EXTRACTED DATA
'''

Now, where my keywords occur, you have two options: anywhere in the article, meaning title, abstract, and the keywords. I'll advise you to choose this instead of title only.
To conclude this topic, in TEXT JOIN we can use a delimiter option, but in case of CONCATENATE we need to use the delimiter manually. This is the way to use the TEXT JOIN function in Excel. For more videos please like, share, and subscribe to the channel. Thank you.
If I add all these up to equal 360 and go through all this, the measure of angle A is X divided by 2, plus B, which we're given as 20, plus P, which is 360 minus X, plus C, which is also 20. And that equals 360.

'''
'''

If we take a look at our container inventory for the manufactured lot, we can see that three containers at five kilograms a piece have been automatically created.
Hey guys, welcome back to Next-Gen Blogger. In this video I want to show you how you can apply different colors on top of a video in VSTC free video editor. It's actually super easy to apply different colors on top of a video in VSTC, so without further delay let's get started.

'''
'''

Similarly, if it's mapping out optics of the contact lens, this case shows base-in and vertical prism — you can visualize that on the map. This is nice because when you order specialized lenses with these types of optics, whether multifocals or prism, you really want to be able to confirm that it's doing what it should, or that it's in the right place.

'''

WHAT TO WORK ON
If a line in the listing holds the word "have", list that line.

REPLY TO THE EXERCISE
Now, where my keywords occur, you have two options: anywhere in the article, meaning title, abstract, and the keywords. I'll advise you to choose this instead of title only.
If we take a look at our container inventory for the manufactured lot, we can see that three containers at five kilograms a piece have been automatically created.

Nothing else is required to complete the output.